I have a set of Mouse RNASeq data for various points of a differentiation time series, with replicates. A known fraction of the cells in each sample are Mouse Embryonic Fibroblasts (MEFs), that fraction varies quite a bit per sample. I have expression data for a pure MEF sample grown under similar conditions.

I'd like to do a fold change analysis between time points, subtracting the MEF expression contamination in such a way that the resulting increased variance per gene is factored into the fold change analysis.

It seems it may be possible to do it within DESeq2 or using svaseq but I can't figure out how. Can anyone recommend a strategy for doing this; I'm really not clear on how to approach it.

Thanks!

*(note this is a crosspost from Biostars, as I wasn't able to get a solution there)*

By "known fraction" I mean I can give a measured numeric value for each sample based on the number of cells.
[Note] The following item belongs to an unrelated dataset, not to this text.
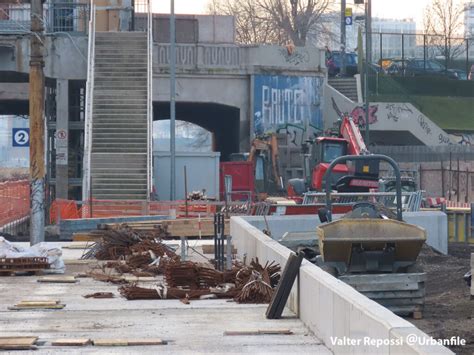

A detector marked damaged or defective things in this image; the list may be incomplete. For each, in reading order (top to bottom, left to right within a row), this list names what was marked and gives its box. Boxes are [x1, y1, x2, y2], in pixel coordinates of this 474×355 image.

bent steel bar [322, 154, 404, 221]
So you could put it in the model as a numeric covariate (you don't do anything special just put it in the design). This however assumes the relationship with expression is log linear (so linear with log expression). You probably want linear with expression though. You can try transforming the MEF variable before putting it in the design, if you expect a certain relationship.

Thanks! I'll give it a try and post this reply on Biostars.

Hello gpalidwor, I am very interested in how you went with this - I am looking to do a very similar thing to 'subtract' RBC contamination from an expression experiment. Can you tell me whether the approach worked? Did you apply a transformation to the MEF variable?

Hello gpalidwor, I am very interested in how you went with this - I am looking to do a very similar thing to 'subtract' RBC contamination from an expression experiment. Can you tell me whether the approach worked? Did you apply a transformation to the MEF variable?